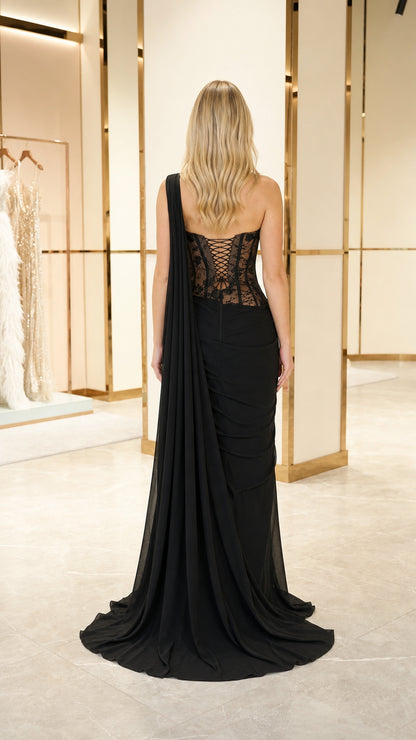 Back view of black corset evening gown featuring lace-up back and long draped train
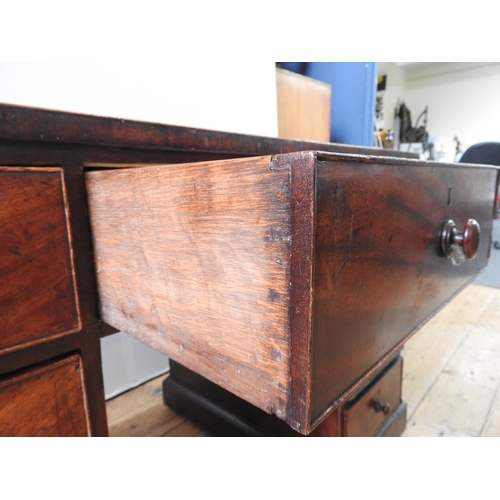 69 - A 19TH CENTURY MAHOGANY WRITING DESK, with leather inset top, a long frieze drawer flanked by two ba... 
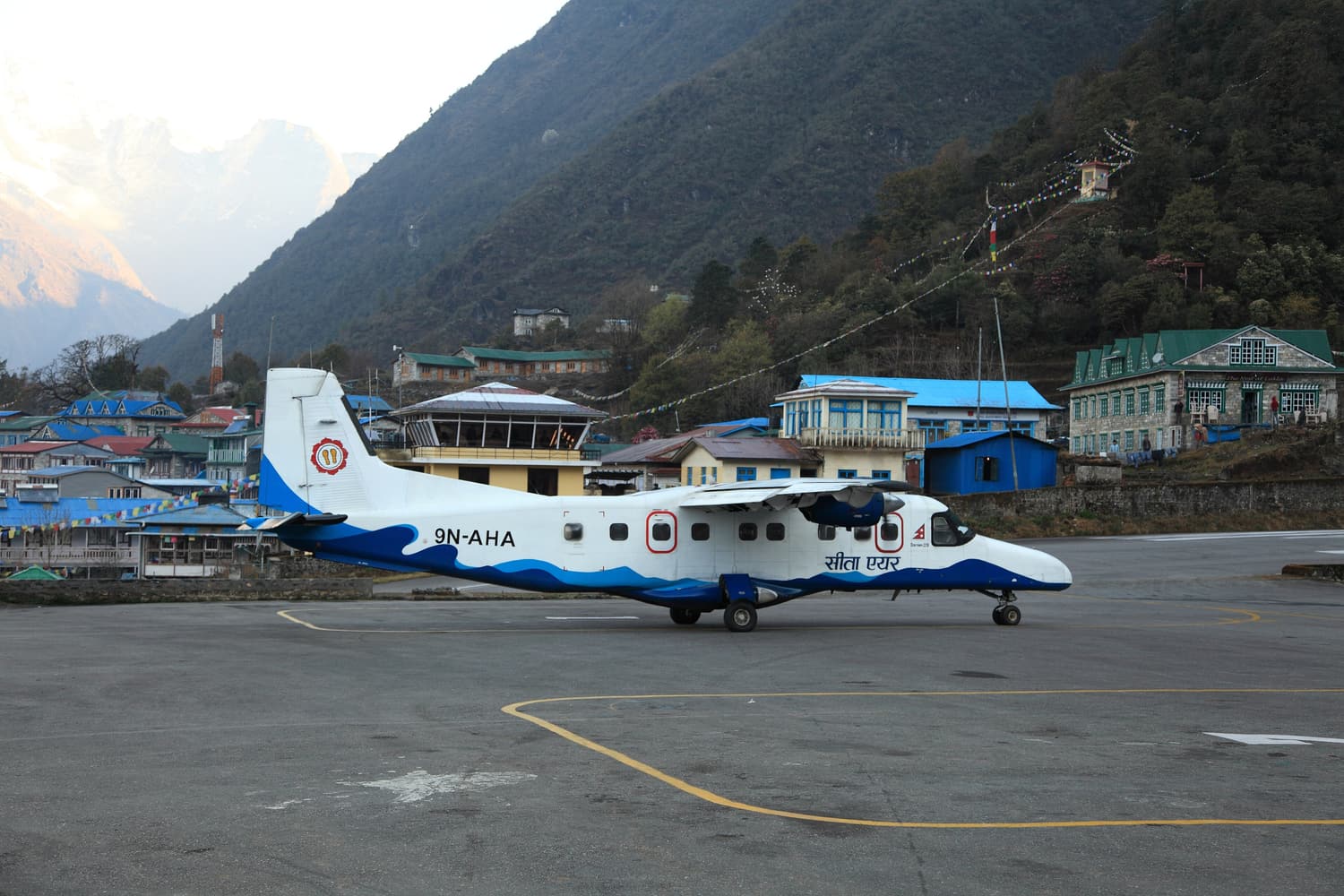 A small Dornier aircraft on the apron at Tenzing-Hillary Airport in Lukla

====

**Instructions to follow**
Excluding pictures, reproduce the listing above exactly as it stands.

**Solution to the problem**
 Back view of black corset evening gown featuring lace-up back and long draped train
 69 - A 19TH CENTURY MAHOGANY WRITING DESK, with leather inset top, a long frieze drawer flanked by two ba... 
 A small Dornier aircraft on the apron at Tenzing-Hillary Airport in Lukla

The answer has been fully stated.